Copper doped ultra small highly luminescent ZnO nanowires were obtained by modified sol gel route. The zinc acetate mixed with ethanol was used as precursor for the synthesis. Copper doping was done by adding various concentrations of copper chloride. Gel was obtained by magnetically stirring the mixture at 60 °C for 2–3 h and then keeping it for another 24 h for aging. The particles obtained were characterized by XRD, AFM, Optical transmission and photoluminescence studies. X ray diffractogram peak is identified for ZnO. AFM micrograph shows particle alignment in linear direction and formation of nanowires on increasing Cu concentration. The optical band gap of copper doped ZnO shift from 3.2 to 4.76 eV. This strong shift confirms the ultra small size of particles. In PL studies, Undoped ZnO nanostructures exhibit a near-band-edge UV emission at 360 nm and a broad defect related blue emission at 440 nm. Addition of Copper improves the photoluminescence peak in UV region with an additional peak observed in middle UV region at 230 nm. Yellow green or blue makes the nanowires suitable for light emitting devices and biological sensing devices.

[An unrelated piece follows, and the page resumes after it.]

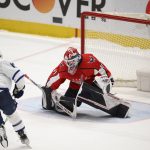 
              Toronto Maple Leafs center Alexander Kerfoot (15) scores a goal against Washington Capitals goaltender Vitek Vanecek (41) during a shootout of an NHL hockey game, Sunday, April 24, 2022, in Washington. (AP Photo/Nick Wass)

Microwave Assisted Synthesis of Highly Luminescent ZnS Nanostructures Using Zinc Dithiocarbazic Complex Chemical Route

Bis(parahydroxyacetophenonebenzyldithiocarbazate) zinc(II) and bis(acetophenonebenzyldithiocarbazate) zinc(II) complexes have been synthesized. Zinc sulphide nanostructures were obtained from both complexes at different deposition temperatures using microwave assisted chemical route. The surface morphology of as-prepared ZnS nanoparticles were obtained using X-ray diffraction (XRD), transmission electron microscopy (TEM) and high transmission electron microscopy (HRTEM). Particles with spherical shape are shown in the TEM images of these samples. The optical properties of the particles studied by UV–Vis and photoluminescence (PL) spectroscopy showed evidence of quantum confinement.